## Work required
Copying exactly, give the lines in the material below from the one with "우승희 영암군수, 가축경매시장서 축산농가와 소통" to the one with "12 symptoms of", ends included, and nothing besides.

## Records supplied

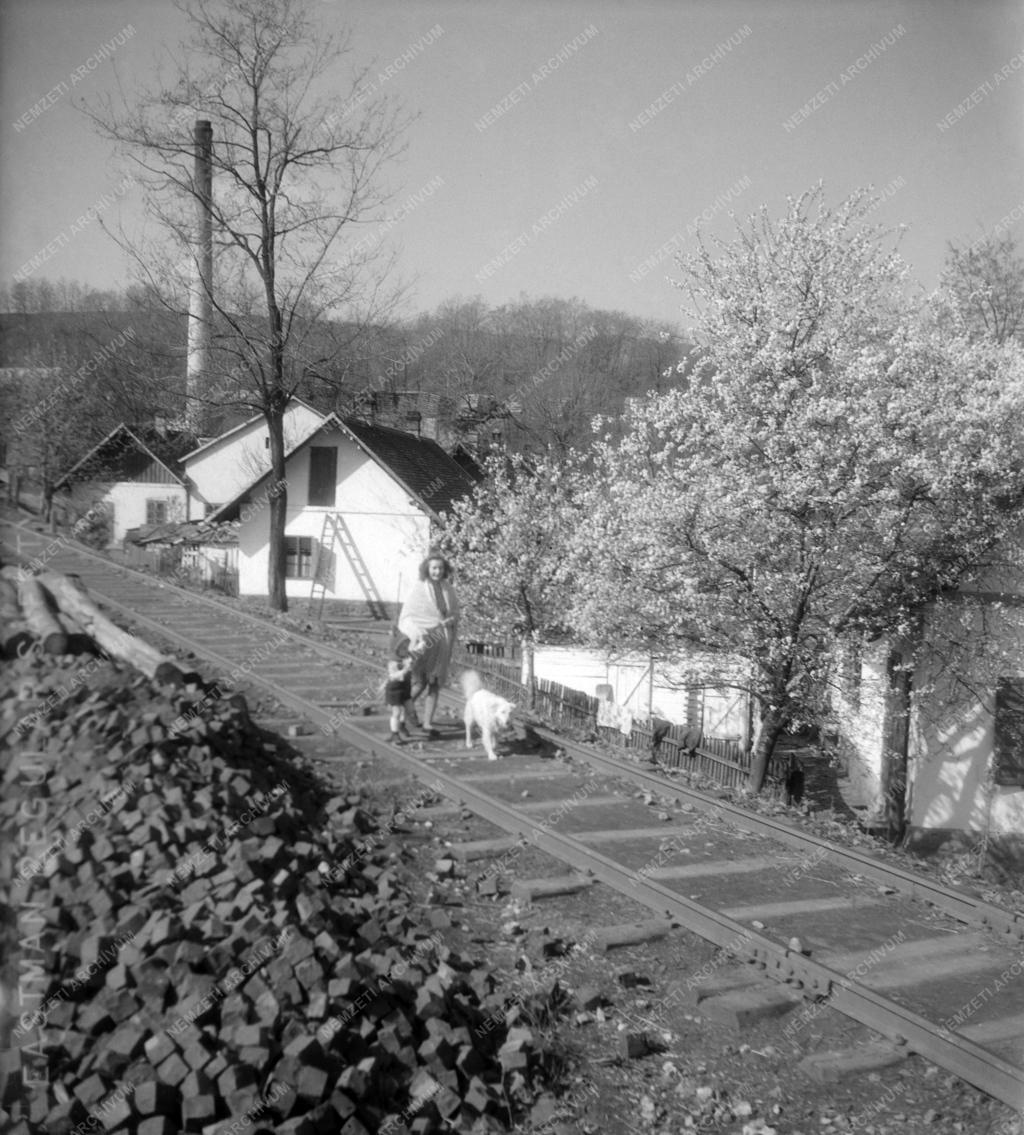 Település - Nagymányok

--

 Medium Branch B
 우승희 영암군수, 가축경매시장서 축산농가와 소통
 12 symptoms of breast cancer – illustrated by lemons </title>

## Result
 우승희 영암군수, 가축경매시장서 축산농가와 소통
 12 symptoms of breast cancer – illustrated by lemons </title>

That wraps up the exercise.